FIB systems operate in a similar
fashion to a scanning electron microscope (SEM), however, FIB systems use a
finely focused beam of ions (usually gallium) that can be operated at low beam
currents for imaging or high beam currents for site specific sputtering or
milling.
As
Figure 1 shows, the gallium primary ion beam (Ga+) hits the sample surface and
sputters a small amount of material, which leaves the surface as either
secondary ions (i+ or i-) or neutral atoms (n0). The primary beam also produces
secondary electrons (e–). As the primary beam rasters on the sample surface,
the signal from the sputtered ions or secondary electrons is collected to form
an image.At low primary beam currents, very little material is sputtered and
modern FIB systems can easily achieve 5 nm imaging resolution (imaging
resolution with Ga ions is limited to approximately 5 nm by sputtering and
detector efficiency). At higher primary currents, a great deal of material can
be removed by sputtering, allowing precision milling of the specimen down to a
sub micrometer or even a nanometer scale.If the sample is non-conductive, a low
energy electron flood gun can be used to provide charge neutralization. In this
manner, by imaging with positive secondary ions using the positive primary ion
beam, even highly insulating samples may be imaged and milled without a
conducting surface coating, as would be required in a SEM.
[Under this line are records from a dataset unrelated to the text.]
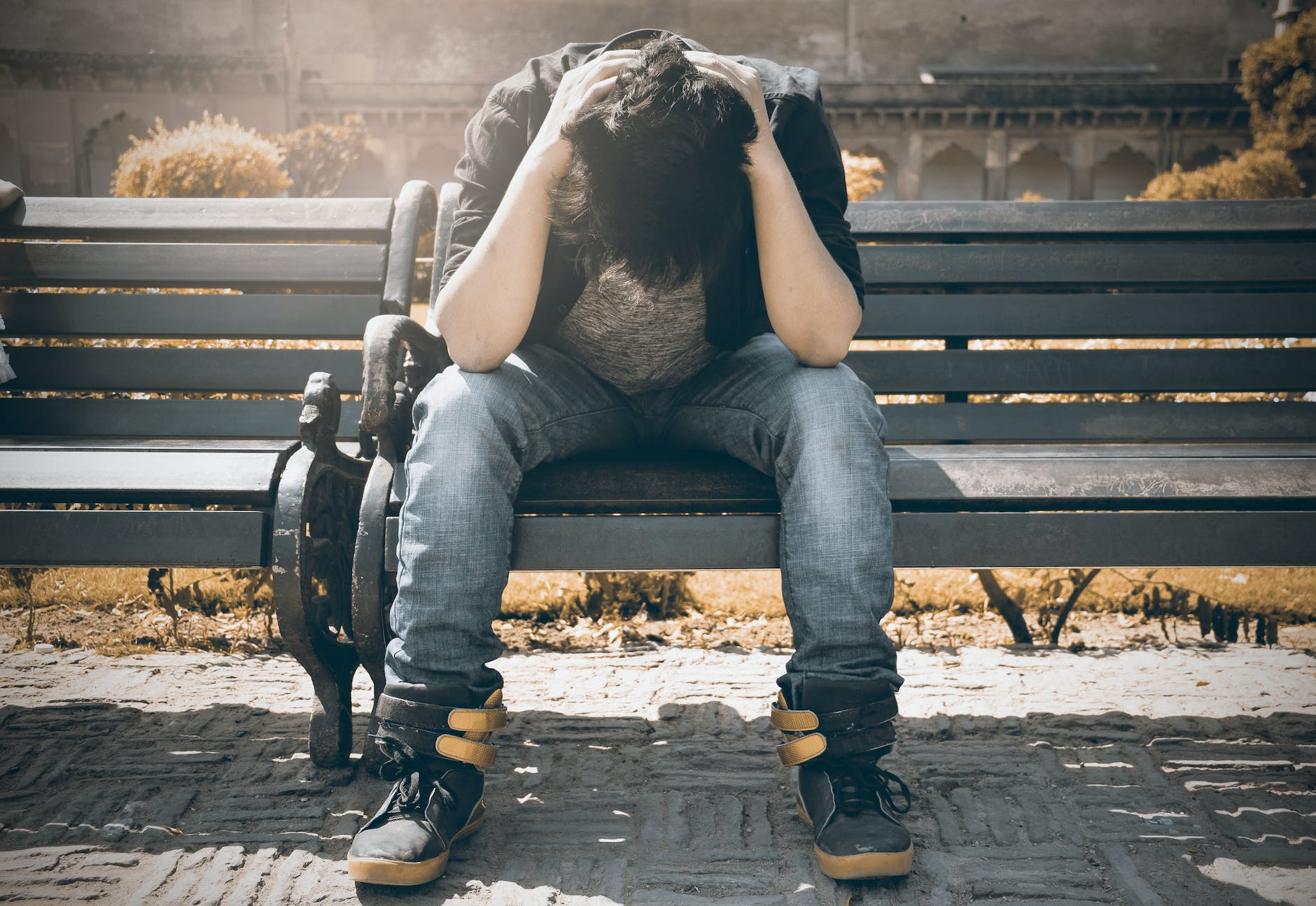 man in black shirt and gray denim pants sitting on gray padded bench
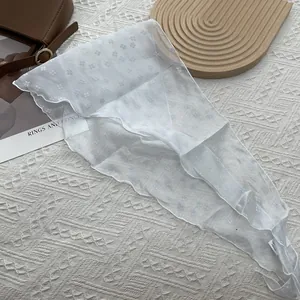 Détail d'un foulard floral translucide avec bords festonnés sur fond texturé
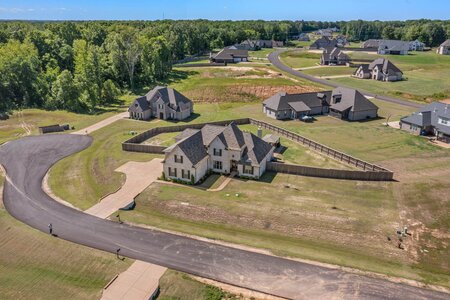 Beautiful aerial view of a large, modern family home with landscaped yard.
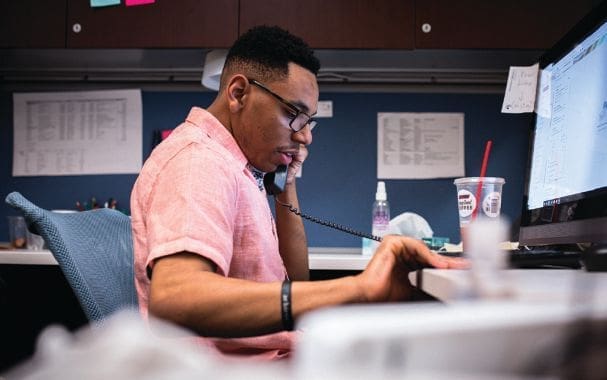 Man in a pink shirt talking on the phone at a desk.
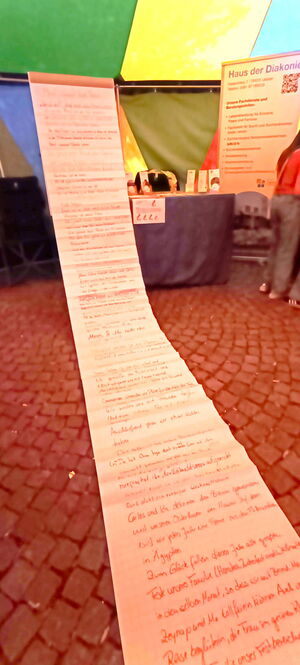 Ein langer Papierstreifen mit handgeschriebenen Notizen steht am Stand des Hauses der Diakonie beim FamTag. | © Name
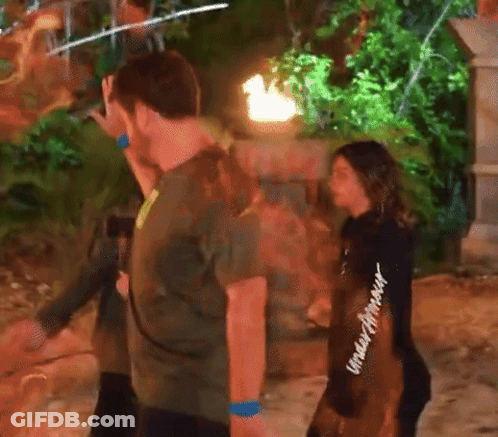 A Woman Wearing A Black Under Armour Sweatshirt Stands Next To A Man In A Green Shirt GIF
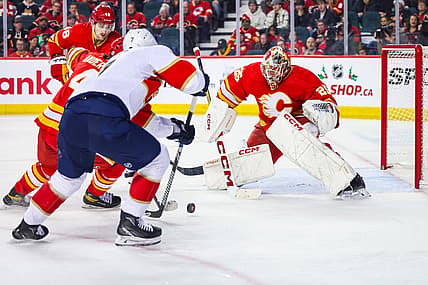 Dec 18, 2023; Calgary, Alberta, CAN; Calgary Flames goaltender Jacob Markstrom (25) makes a save against Florida Panthers defenseman Dmitry Kulikov (7) during the second period at Scotiabank Saddledome. Mandatory Credit: Sergei Belski-USA TODAY Sports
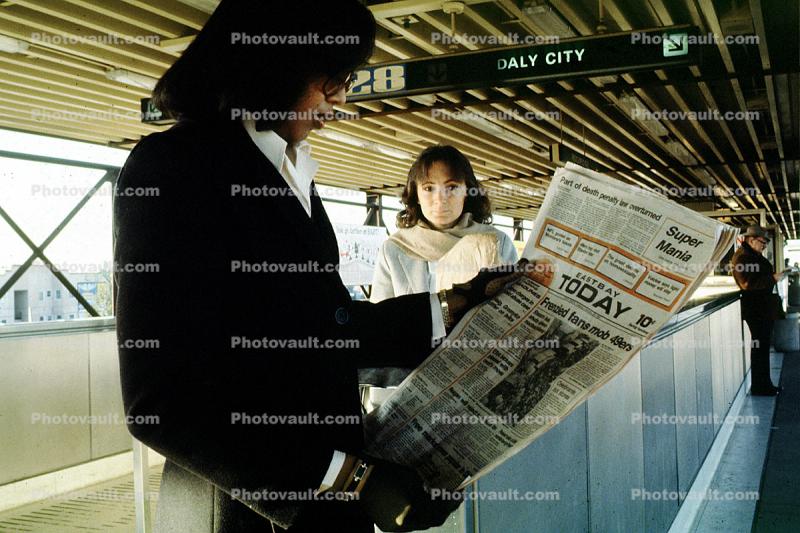 reading a newspaper, Daly City Station, Bay Area Rapid Transit, BART, Oakland Tribune, commuters, 1980s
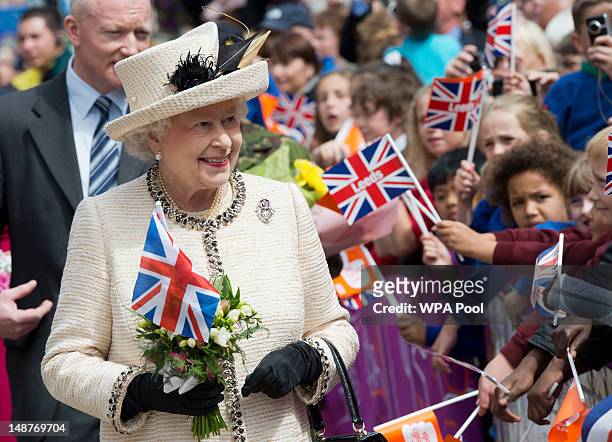Queen Elizabeth II meets members of the public during a visit to the City Varieties Music Hall where she watched a "Good Old Days" theatrical...
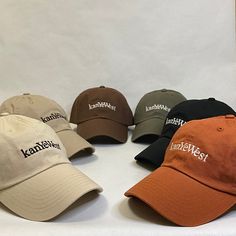 -Unstructured, six-panel, low-profile -Self-fabric tri-glide buckle closure - antique brass -100% cotton High Quality - We make sure to use the highest quality hat and stitching on the market. Made In House - All of our orders are made in house, meaning we take the time to make your order as we receive it. We make sure to never send anything out that we wouldn't wear ourselves! Adjustable - Our hats are adjustable so you don't have to worry about sizes. With the adjustable strap, it has never be Caps Product Photography, Kanye West Hat, Cap Aesthetic, Polo Cap, Trendy Caps, Hat Aesthetic, Custom Trucker Hats, Cap Fashion, Aesthetic T Shirts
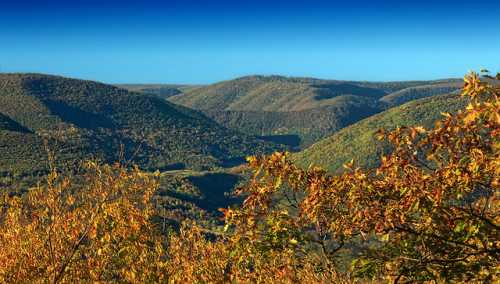 A scenic view of rolling hills covered in autumn foliage under a clear blue sky.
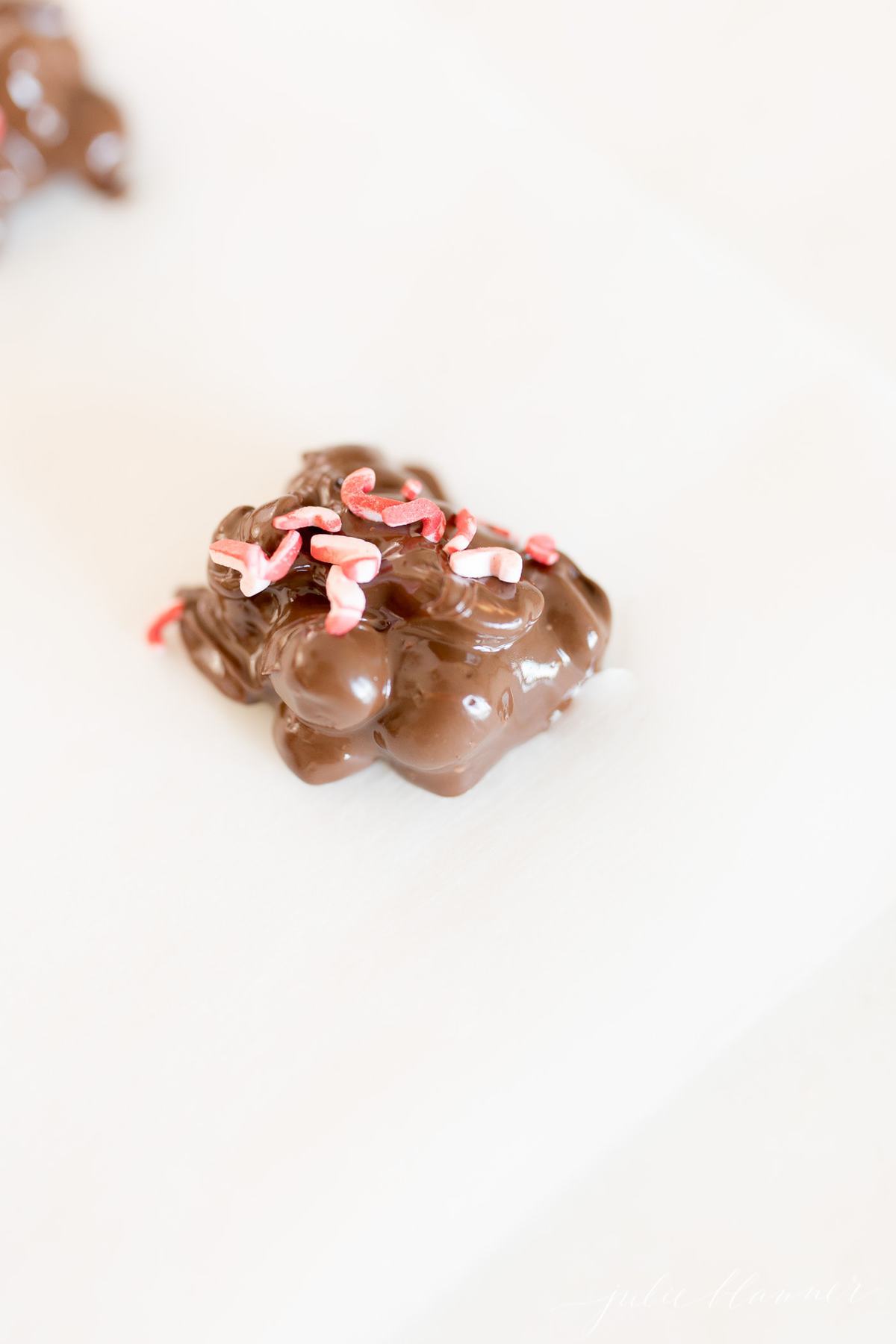 closeup of a peanut cluster on parchment paper with red sprinkles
Figure 1 - Scheme illustrating the FIB
operation process
Nanospring growth: Photolithography
Photolithography, also termed
optical lithography or UV lithography, is a process used in microfabrication to
pattern parts of a thin film or the bulk of a substrate. It uses light to
transfer a geometric pattern from a photomask to a light-sensitive chemical
"photoresist", or simply "resist," on the substrate. A
series of chemical treatments then either engraves the exposure pattern into,
or enables deposition of a new material in the desired pattern upon, the
material underneath the photo resist.
The main stages involved in a
typical photolithography process (Figure 2) are listed below:
1)
Cleaning,
2)
Photoresist
application,
3)
Exposure
and developing,
4)
Etching,
5)
Deposition
of thin films and
6)
Photoresist
removal
Figure 2 – Scheme describing the steps of a
typical photolithograpy process
Cleaning
This procedure removes organic or
inorganic contaminations that are present on the wafer surface, either by wet
chemical treatment or dry approaches, mostly probably using plasma.
Photoresist application
The wafer is covered with
photoresist by spin coating. A viscous, liquid solution of photoresist is
dispensed onto the wafer, and the wafer is spun rapidly to produce a uniformly
thick layer of few micrometers. The photo resist-coated wafer is then prebaked
to drive off excess photoresist solvent, typically at 90 to 100°C for 30 to 60
seconds on a hotplate.
Exposure and developing
After prebaking, the photoresist is
exposed to a pattern of intense light. The exposure to light causes a chemical
change that allows some of the photoresist to be removed by a special solution,
called "developer" by analogy with photographic developer. Positive
photoresist, the most common type, becomes soluble in the developer when
exposed; with negative photoresist, unexposed regions are soluble in the
developer.
A post-exposure bake (PEB) is
performed before developing, typically to help reduce standing wave phenomena
caused by the destructive and constructive interference patterns of the
incident light.
The resulting wafer is then
"hard-baked" to solidify the remaining photoresist, to make a more
durable protecting layer in future ion implantation, wet chemical etching, or
plasma etching.
Etching
In etching, a liquid
("wet") or plasma ("dry") chemical agent removes the
uppermost layer of the substrate in the areas that are not protected by
photoresist. In semiconductor fabrication, dry etching techniques are generally
used, as they can be made anisotropic to avoid significant undercutting of the
photoresist pattern. This is essential when the width of the features to be
defined is similar to or less than the thickness of the material being etched.
Deposition of thin films
In other cases, target material
(usually a thin metal layer) is deposited on the whole surface of the wafer.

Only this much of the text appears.